The Chosen - John G. Hartness The Chosen is a fun little book that reads very quickly. As self-published ebooks go, it's well formatted and has only a couple of typos. Written from the point of view of Adam (yes, the biblical Adam) it takes place in the modern day south. It's written with a lot of tongue-in-cheek dry hyperbole, which suits me fine - Adam makes many of the same observations about the world and the personalities in as I do, with much the same sense of snide superiority. There were several LOL moments, and the whole book has a lighthearted levity to it.

The cast of characters is small, but involves some heavyweights from the christian tradition. Eve is hardly the pushover described in the old testament, and has styled herself as a barbrawling stripper with an acerbic tongue. She's the most interesting character in the book, IMHO, and seems to be more like the traditional Lilith than the western conception of Eve. Cain is unfortunately underdeveloped, and he exists mostly as a counterpoint to the argument du jour, swaying the plot one or the other as the plot requires. Lucifer, of course, makes several appearances and, as is typical in this sort of story, he's the character I would like to see get a lion's share of "screentime". The archangel Michael is the distillation of everything that everyone complains about in organized religion; he's clearly a sock puppet and punching bag for every inequity foisted upon the western world at the hands of organized religion.

The mortals involved in the journey include Myrna, Adam's most recent lover, who fortunately does more than just decorate the plot. Myrna and Adam's daughter Emily occupies a role much like Cain, though she gets a lot more dialogue. Sydney, a street preacher from Nashville, has a pivotal role in the story, but after his late appearance he's another sock pupppet - he dutifully trots out the right lines at the right places, but he feels like a cardboard shadow next to Adam, Eve and Lucifer.

This book has two main parts. The first is getting Adam, Myrna and their daughter Emily together with Eve and Cain. The archangel Michael is chaperoning this adventure, and hilarity and tears often ensue as the immortals find ways to overcome the resentments that have been burning inside them for eons. This part of the book explores human relationships, and it's where the author's ability to casually drop LOL observations into every other sentence really shine through. Once the party is assembled, they leave New Orleans for Nashville to collect Sydney and the second part of the book.

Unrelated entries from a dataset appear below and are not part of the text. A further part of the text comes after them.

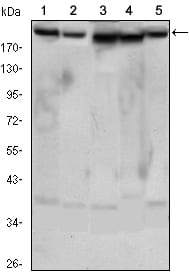 Figure 1: Western blot analysis using RICTOR mouse mAb against Hela (1), PANC-1 (2), MOLT4 (3), HepG2 (4) and HEK293 (5) cell lysate.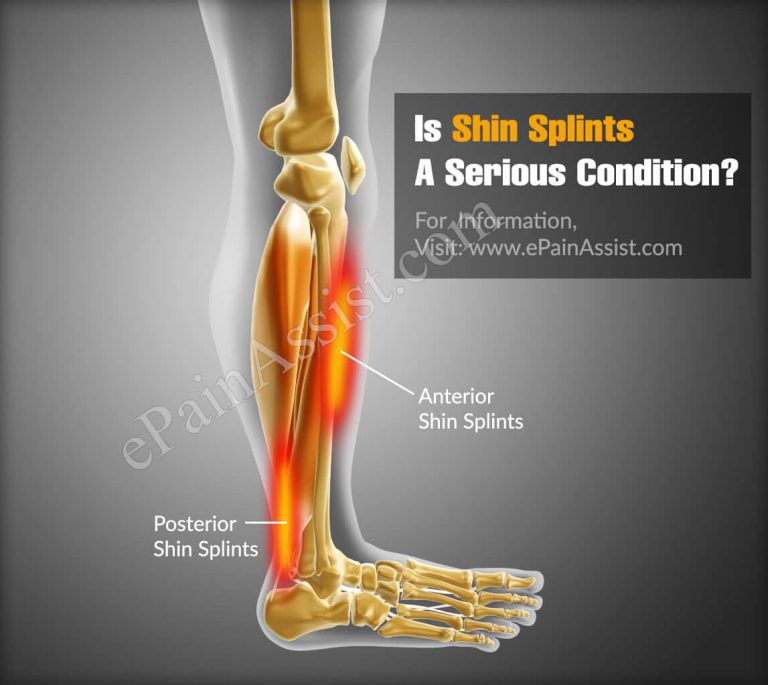 Is Shin Splints A Serious Condition?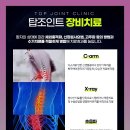 탑조인트의원 이미지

Once Sydney is gathered into the band of merry christian pillars, Michael explains he is to make a Choice that will affect humanity for generations - cue the Garden of Gethsemane "oh why me" chorus - though thankfully it's cut short with a minimum amount of navel gazing. Adam will need to make a Choice as well, of the same order of magnitude as Eve eating the forbidden fruit. The party rolls north to Washington, DC for the final choice. This part of the book has a slightly different tone; there's not a lot of character development, but plenty of dialogue where the ideas of 'free will', 'sacrifice', 'true love' and 'commitment' get hashed out again. Unfortunately, despite the interesting characters the author has to work with, no conclusions are drawn that haven't been drawn a million times before.

The final scene, ironically, felt predetermined despite the couple of hundred of escreens discussing free will before it. By the time the final confrontation between Lucifer and Michael takes place, it really does feel like these characters are going through motions they've been rehearsing since page one. It was a bit anticlimactic, really, and lowered my opinion of the book. I feel that if an author is going to draw from the roots of the christian canon for their material, they should either have something new to say or be prepared to go somewhere nobody has gone before.

As an entertaining book filled with funny and snide commentaries on human nature, this book wins. But as a story that asks important questions and answers them in thoughtful ways, it falls a bit flat. I would recommend this to anyone who likes to read skeptical interpretations of christian mythology, and/or lightweight familial dramas with a humorous tone.